His publicist calls Piers Paul Read "the anti-Dan Brown." She's capitalizing on a buzz-worthy name, sure, but it's a fairly insightful description of a man whose latest book, The Death of a Pope, explores not the Brownish theme of the Catholic Church secretly at work in world affairs, but rather its inverse — how worldly factions seek to transform the traditionalist Church through its cloistered traditions.
|The Death of a Pope | by Piers Paul Read | Ignatius Press | 225 pages | $21.95|
Read is best known to a generation of readers as the author of Alive: The Story of the Andes Survivors (J.B. Lippincott, 1974), about the high-mountain plane crash that killed several members of a Uruguayan rugby team; the survivors, strengthened by eating the flesh of their dead friends, made a nearly impossible trek to civilization and rescue.
"I had quite a sheltered upbringing," says the soft-spoken Englishman, who stopped through Maine last week for a reading in Augusta (but, oddly, not in Portland).
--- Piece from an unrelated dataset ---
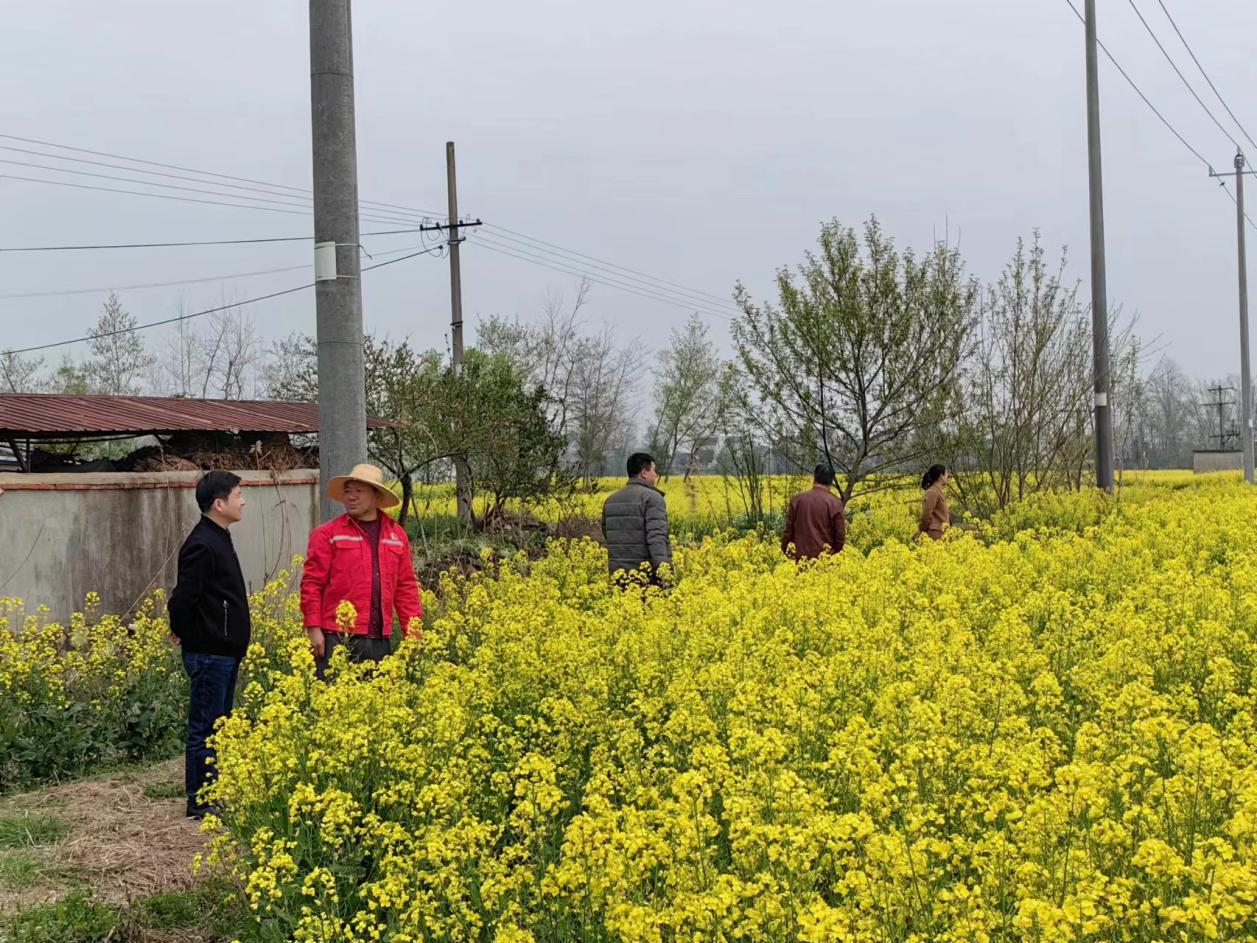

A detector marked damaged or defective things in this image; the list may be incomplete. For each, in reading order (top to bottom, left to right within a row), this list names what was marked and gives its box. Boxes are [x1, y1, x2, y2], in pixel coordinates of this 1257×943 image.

As a young adult, he says he was "very revolutionary," promoting Marxism in Latin America, but came to doubt whether his socially disruptive efforts would really help people in need. That period in his life both was part of, and deepened, his quest to overcome insularity by inquiring deeply into the outcomes of efforts by those who claim to know the ultimate unknowable, God's will.
His understanding of that struggle lends a quiet weight to the smooth, quick readability of The Death of a Pope. Set in the days between John Paul II's death and the election of Benedict XVI, the book follows the forces swirling around the conclave of cardinals that selects a new pope, including conniving princes of the church, radical Catholic missionaries, and innocents who find themselves involved.
The end leaves much room for speculation about what comes next, but suggests an answer to the age-old question of whether salvation is earned by words, deeds, or faith alone.